== PROMPT ==
The range runs from the line containing "Maisie Large Pebbled" to the last line of the entries. Restate those lines word for word, without the pictures.

Stored entries
·····
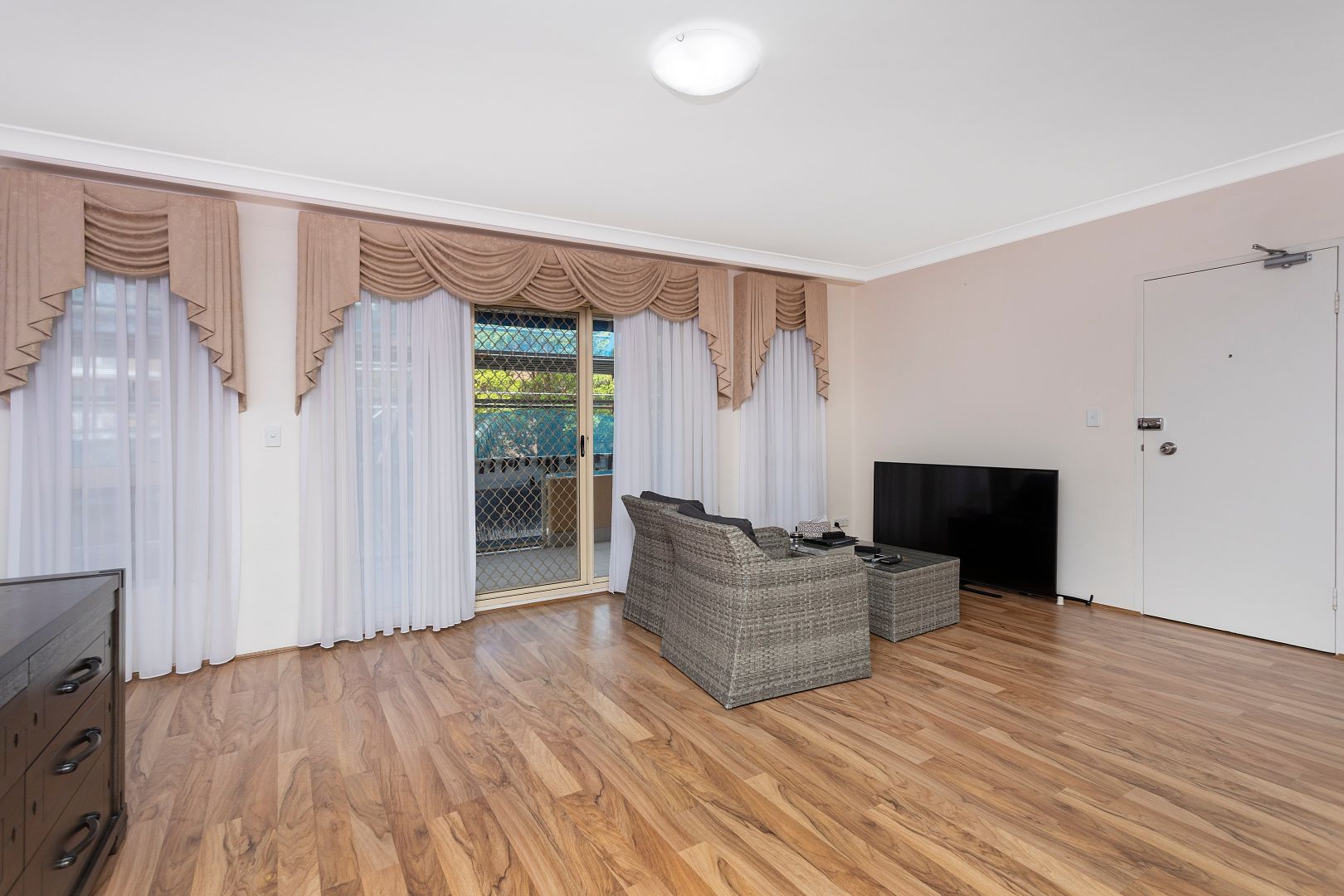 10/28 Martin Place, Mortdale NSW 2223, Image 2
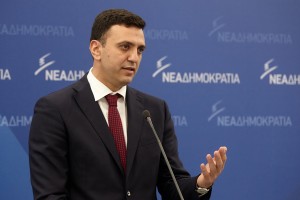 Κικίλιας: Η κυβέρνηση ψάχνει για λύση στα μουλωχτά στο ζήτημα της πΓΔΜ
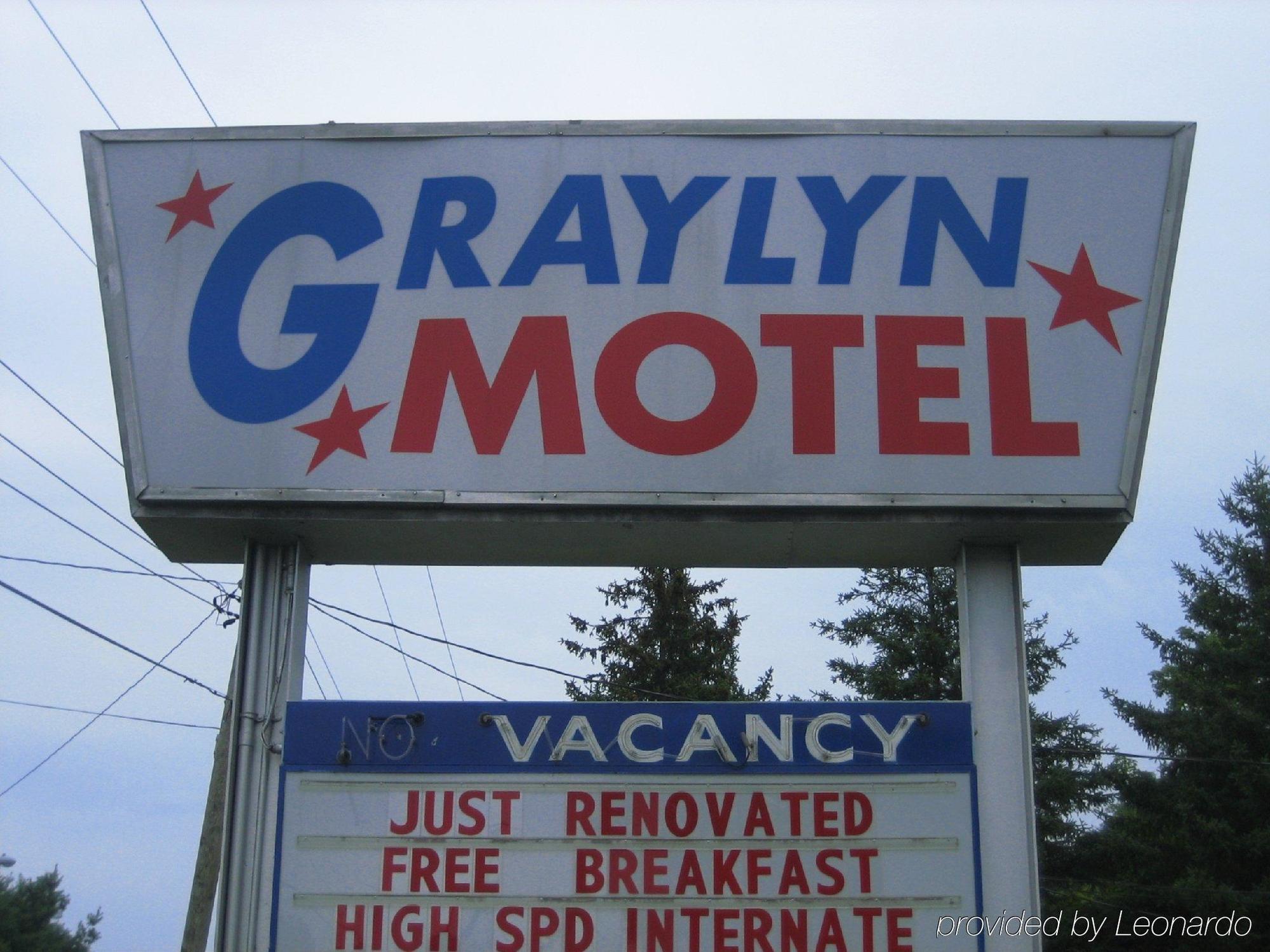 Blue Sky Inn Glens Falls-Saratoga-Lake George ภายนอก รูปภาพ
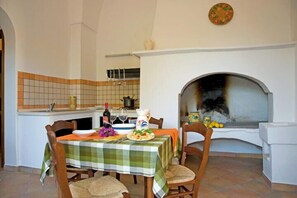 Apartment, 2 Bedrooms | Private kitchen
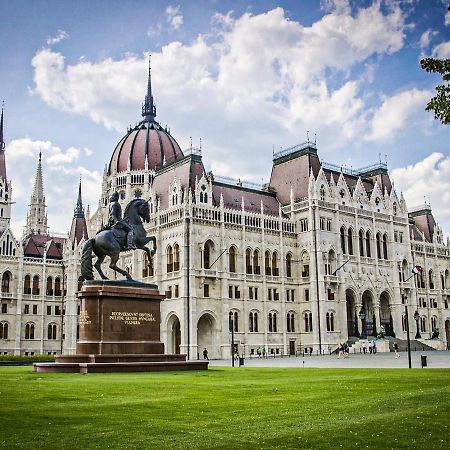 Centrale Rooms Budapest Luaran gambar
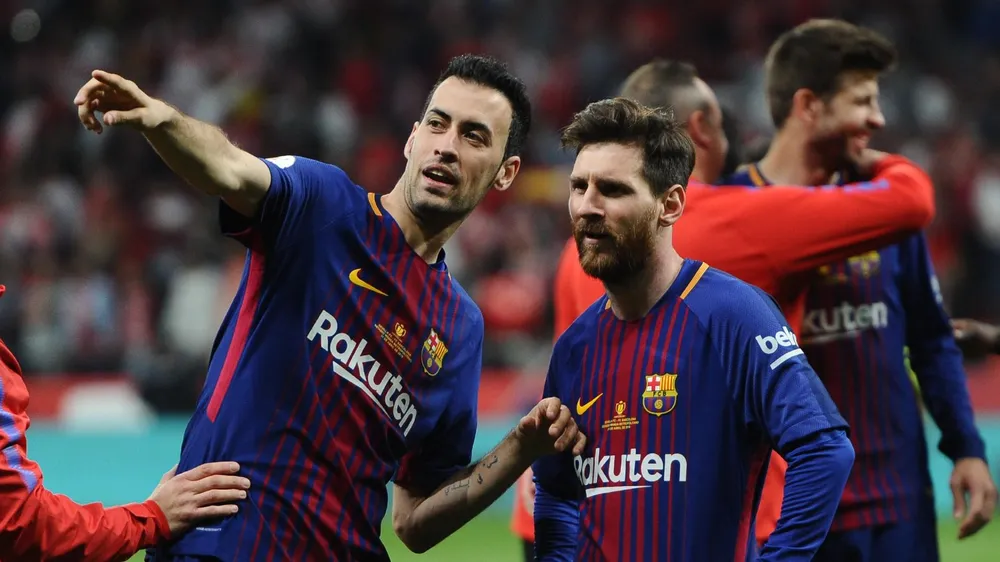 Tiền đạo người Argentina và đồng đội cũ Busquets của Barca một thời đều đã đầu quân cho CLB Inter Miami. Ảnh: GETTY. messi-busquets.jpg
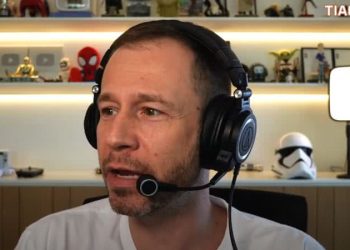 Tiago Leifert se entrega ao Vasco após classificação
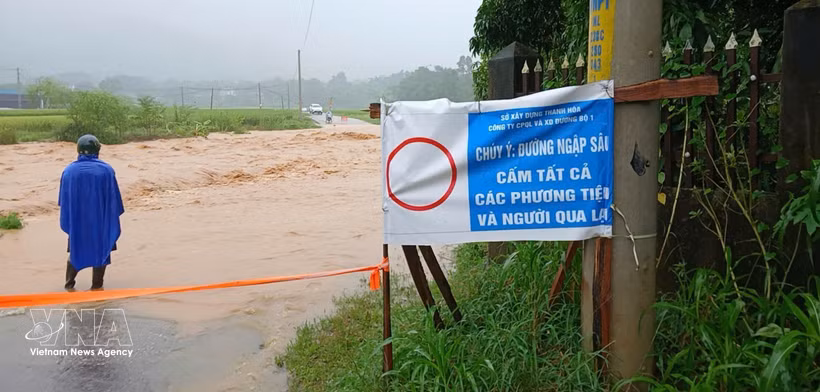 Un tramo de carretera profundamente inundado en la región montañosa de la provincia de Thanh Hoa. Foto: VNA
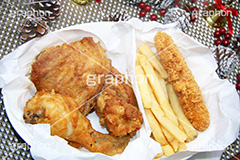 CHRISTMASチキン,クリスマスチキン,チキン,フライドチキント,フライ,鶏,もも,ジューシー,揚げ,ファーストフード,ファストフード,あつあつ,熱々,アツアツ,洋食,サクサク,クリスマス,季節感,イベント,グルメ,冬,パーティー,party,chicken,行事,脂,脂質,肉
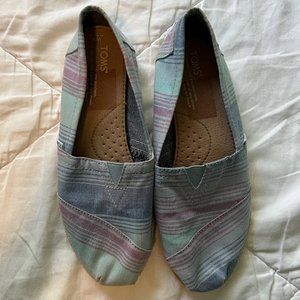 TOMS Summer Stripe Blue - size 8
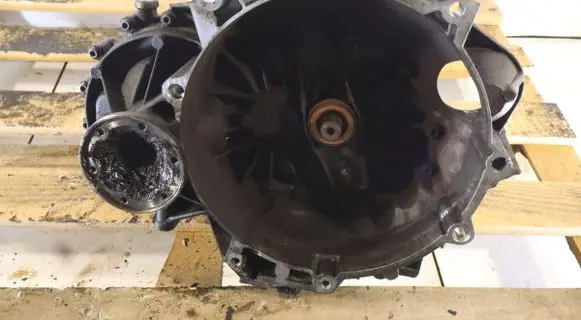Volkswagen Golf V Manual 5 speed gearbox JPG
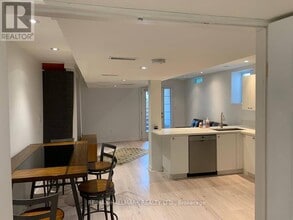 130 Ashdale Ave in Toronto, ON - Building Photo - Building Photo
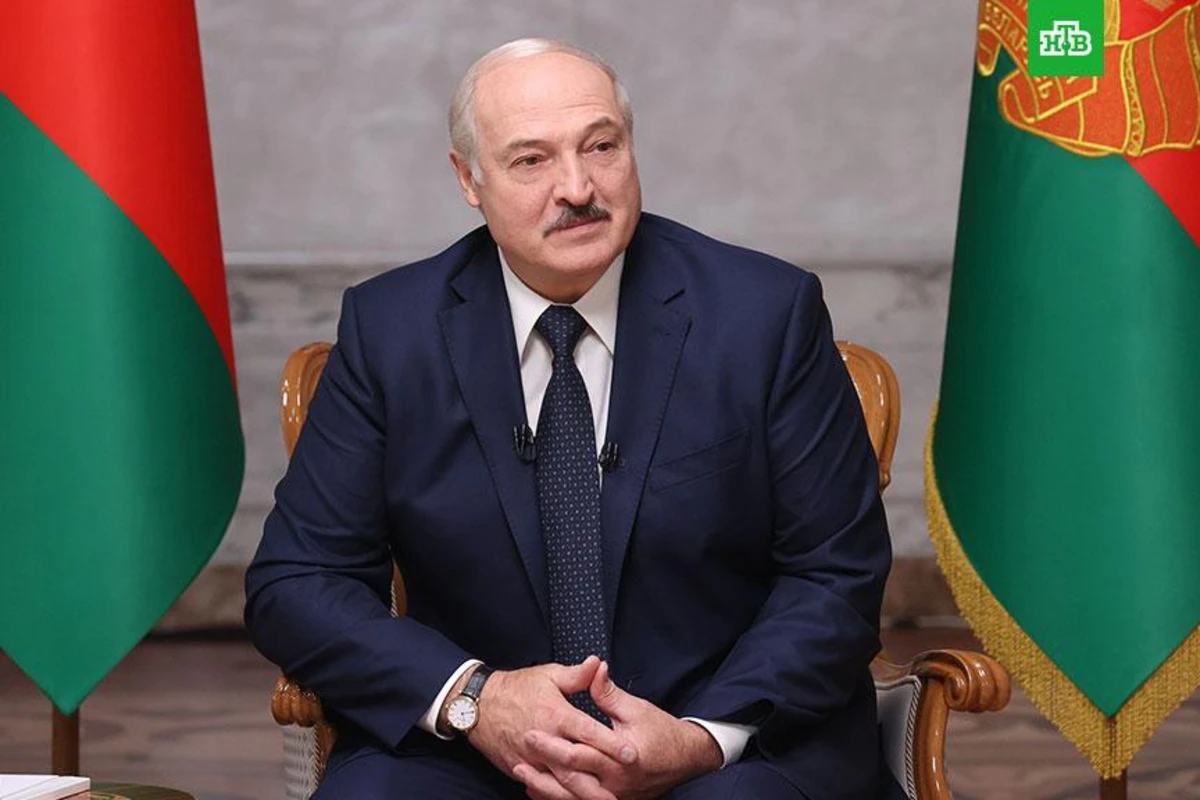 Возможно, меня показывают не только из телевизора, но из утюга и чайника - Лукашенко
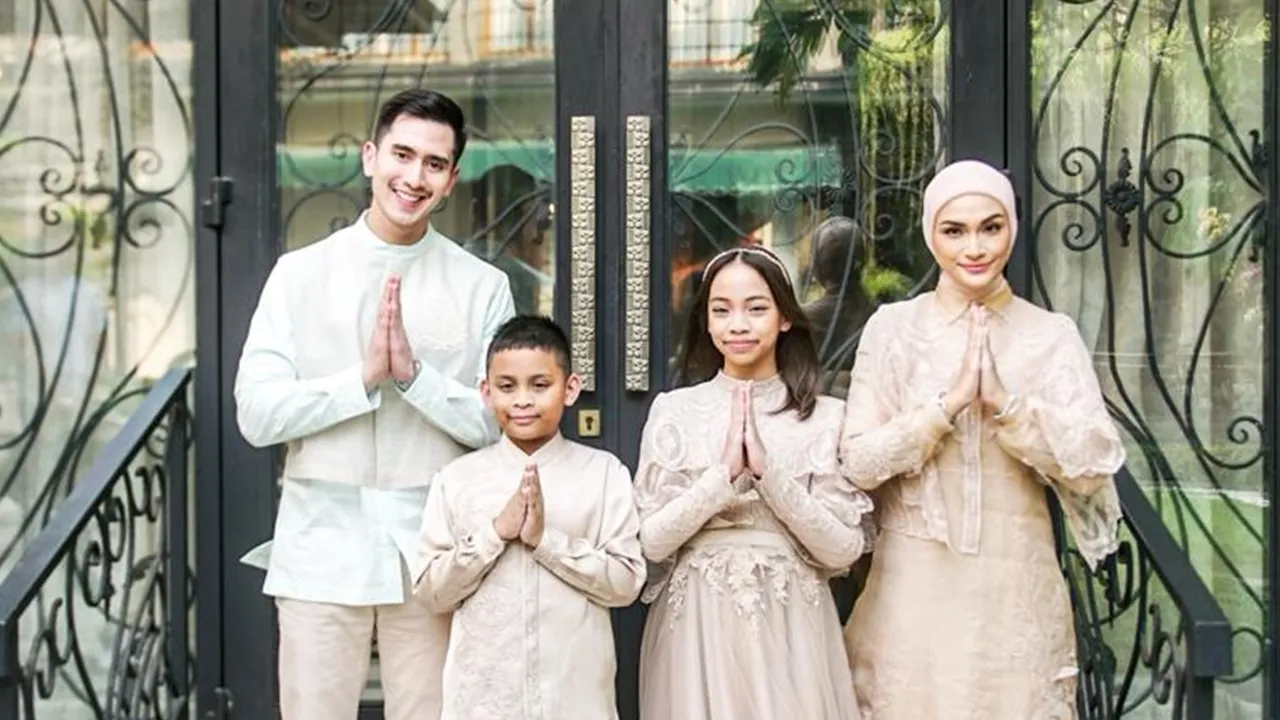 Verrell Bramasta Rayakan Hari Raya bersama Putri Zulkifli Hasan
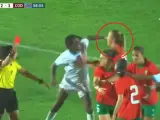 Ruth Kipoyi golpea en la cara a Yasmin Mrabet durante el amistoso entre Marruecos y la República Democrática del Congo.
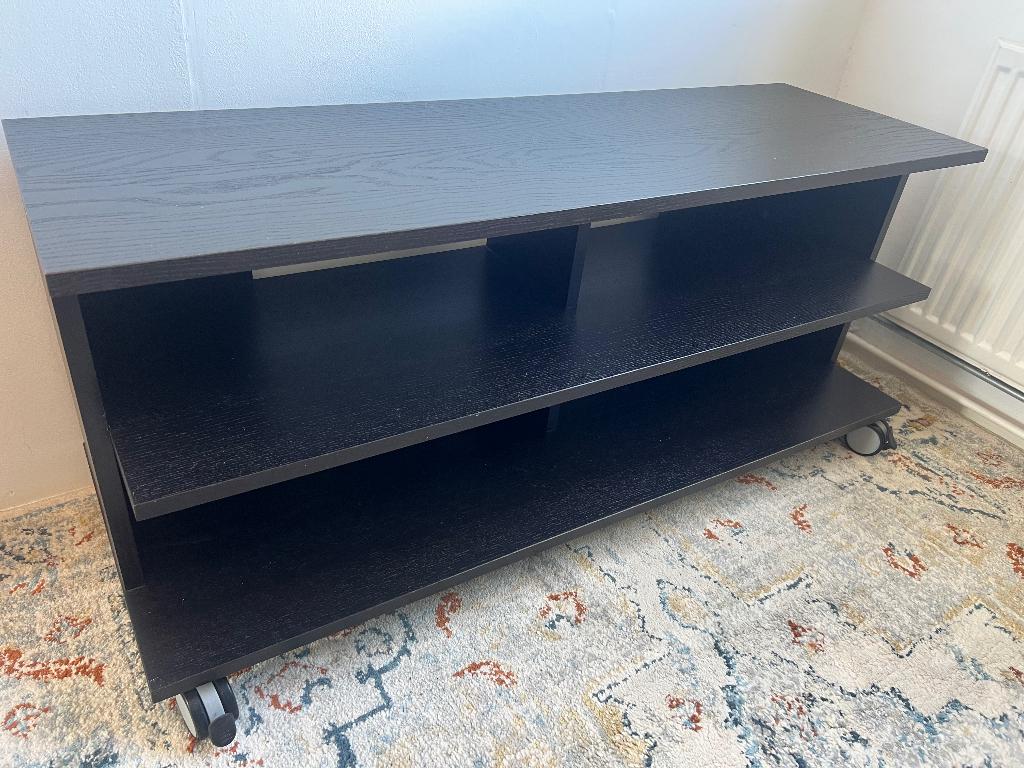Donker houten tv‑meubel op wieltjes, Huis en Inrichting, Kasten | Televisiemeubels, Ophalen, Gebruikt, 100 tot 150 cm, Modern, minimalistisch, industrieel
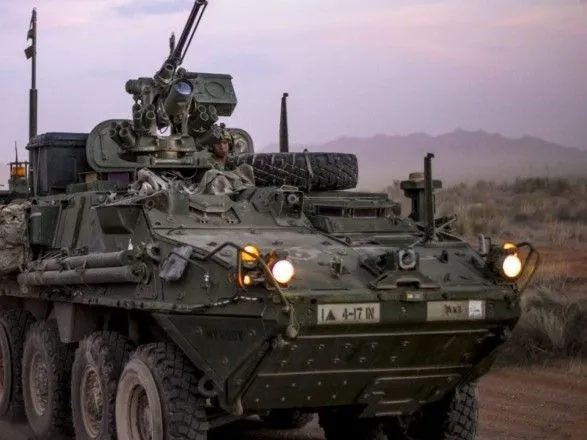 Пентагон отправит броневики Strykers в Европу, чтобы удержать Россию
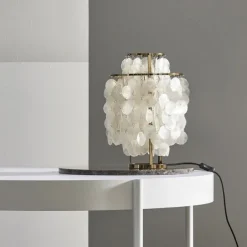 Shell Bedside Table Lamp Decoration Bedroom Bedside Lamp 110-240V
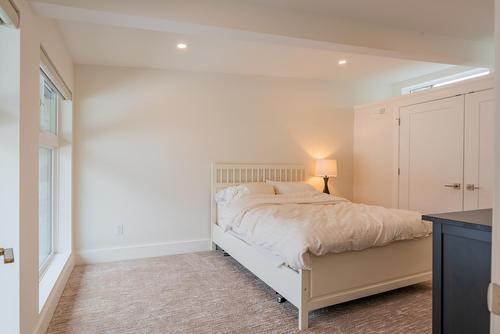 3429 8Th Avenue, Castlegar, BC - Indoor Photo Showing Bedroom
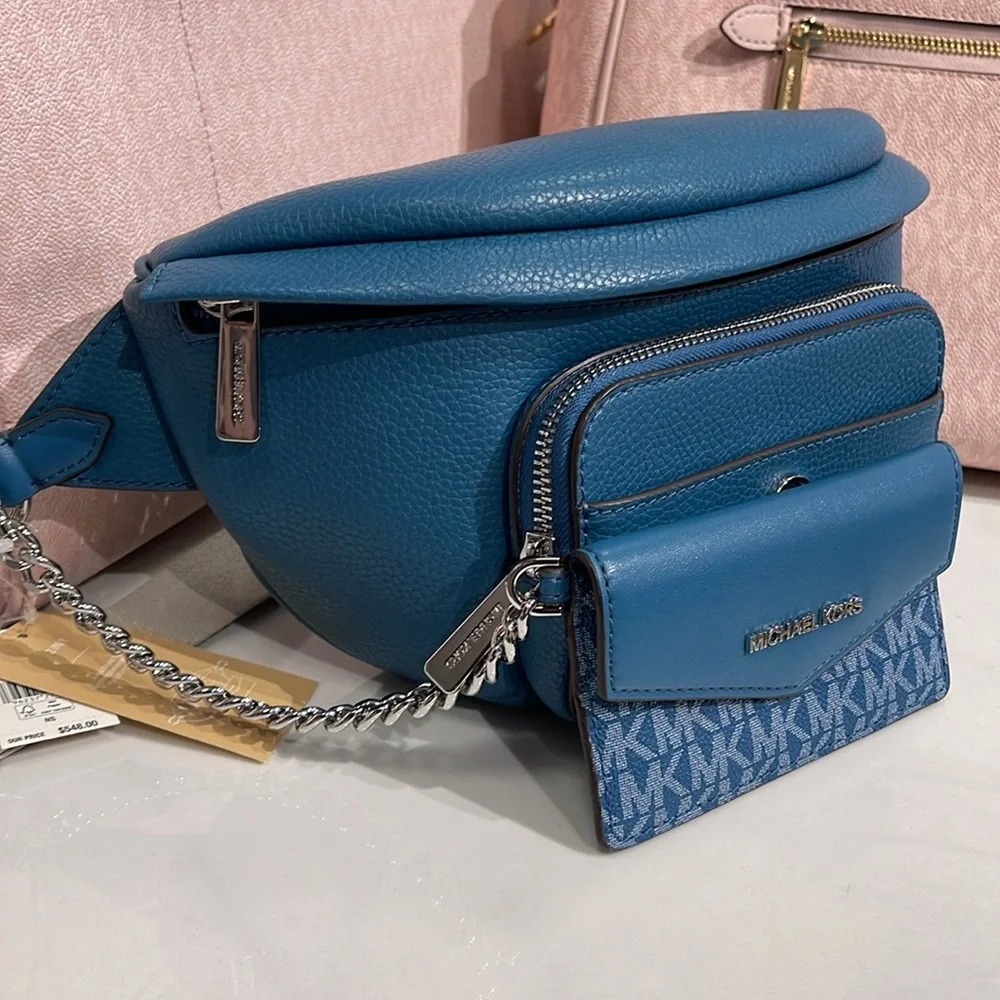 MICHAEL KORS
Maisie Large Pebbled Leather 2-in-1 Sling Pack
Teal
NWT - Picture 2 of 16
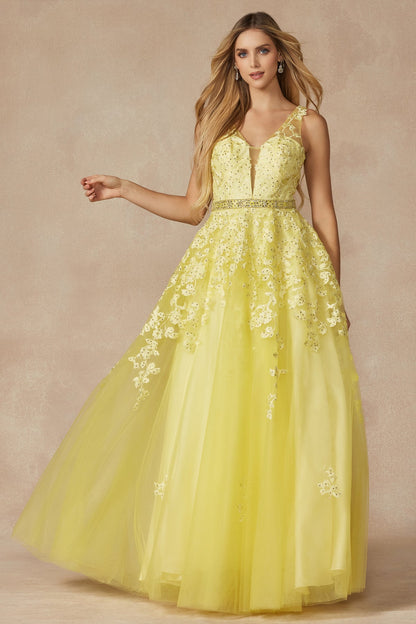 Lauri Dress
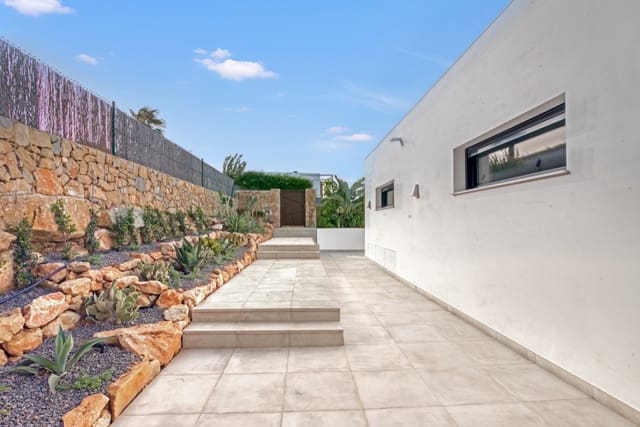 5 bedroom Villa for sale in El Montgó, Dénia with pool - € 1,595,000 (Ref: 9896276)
·····
== YOUR SOLUTION ==
Maisie Large Pebbled Leather 2-in-1 Sling Pack
Teal
NWT - Picture 2 of 16
 Lauri Dress
 5 bedroom Villa for sale in El Montgó, Dénia with pool - € 1,595,000 (Ref: 9896276)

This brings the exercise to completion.